When my doctor told me that I was an outlier, I believed her. Several doctors have told me that over the years, but I don’t feel special to be honest. I’ve worked hard for all I’ve got, true. It hasn’t being an easy ride, either. Should I feel proud of my accomplishments? Perhaps. The thing is that I don’t feel proud. More often than not, I feel like a joke.

I feel like someone who’s trying too hard for no other reason other than to prove himself. You know what? That’s as best as I can describe myself. I’m compensating hard for all the things that happened. For all the things I lack, for the things I didn’t have. It is just that, compensating. 

It’s the fear of loosing everything and myself along the way that pushes me to go beyond what I can. It’s the fear of failure that I can’t stand. After failing several times, I had enough of it. Hence, the anxiety grows exponentially when I’m between transitions. I feel miserable and at the same time I try to mask it. It’s a fight that I’m doing alone most of the time. 

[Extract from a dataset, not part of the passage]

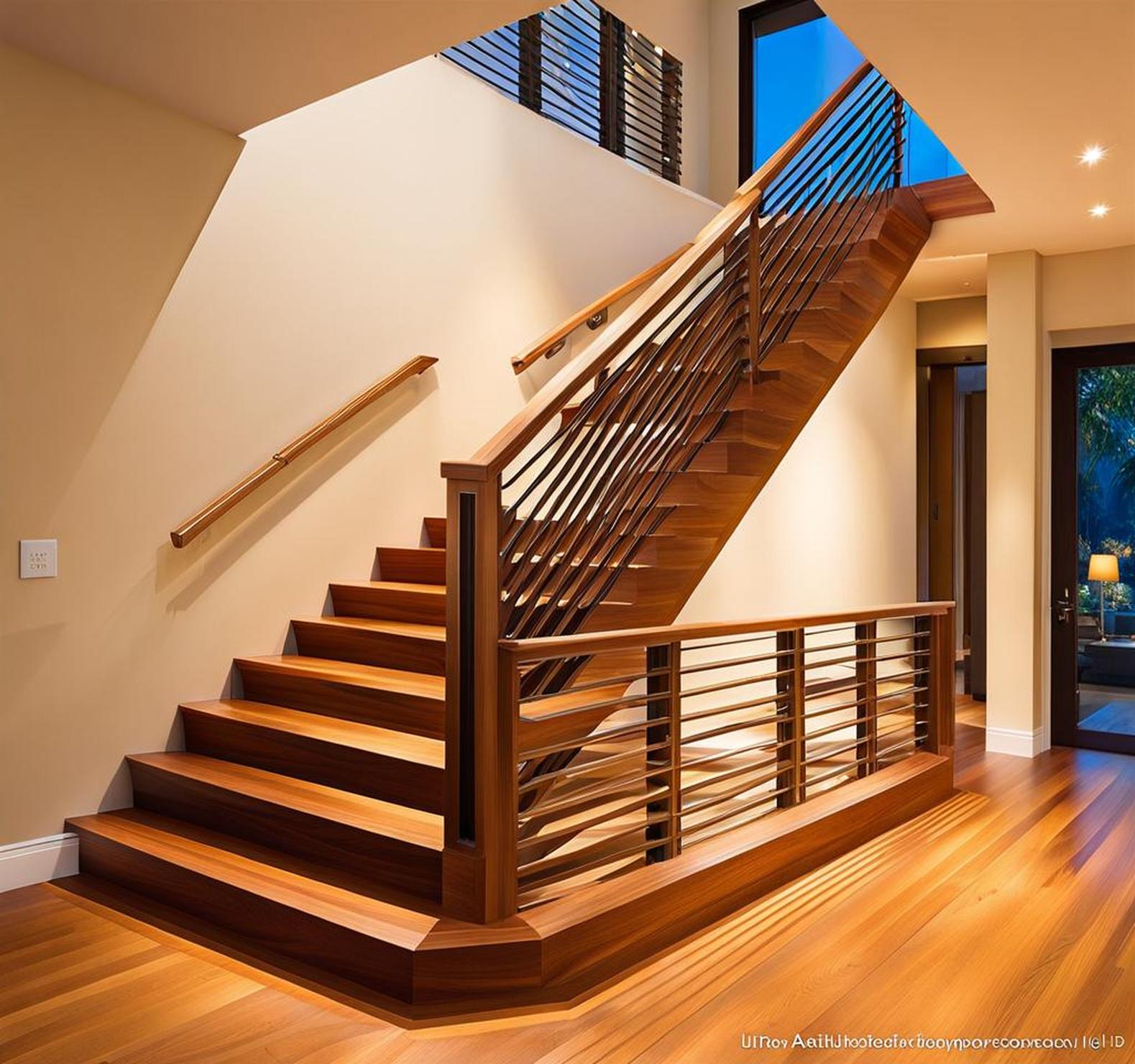 teak wood staircase railings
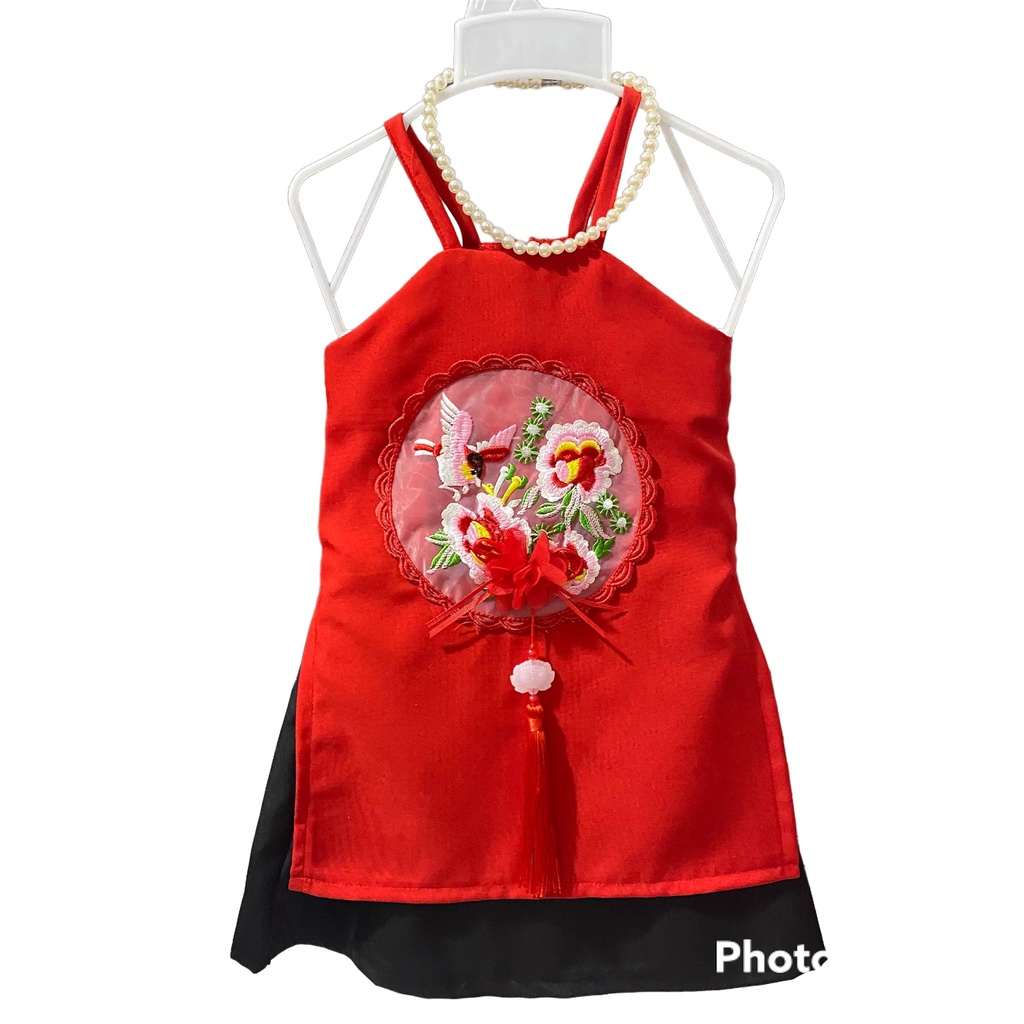 Bộ quần áo bé gái yếm dài đỏ 8-28kg Angel Baby Thời Trang Thiết Kế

Unfortunately, I haven’t made much progress doing my part fighting the stigma towards mental health. With my silence I’ve just add to it at best. And here I am, trying to be open about mental health on this blog. I wish I could talk about this more openly with others. However, most of the times I’ve tried, either the conversation stops, or the people don’t look at me the same way before. That’s a bummer.

I’ll be thinking on ways I can talk about mental health with others. For now, this blog has been an outlet for it. I’ve been following fellow bloggers and there’s so much I can relate to all of them. To all of you that take a minute to read me, I want to say thank you.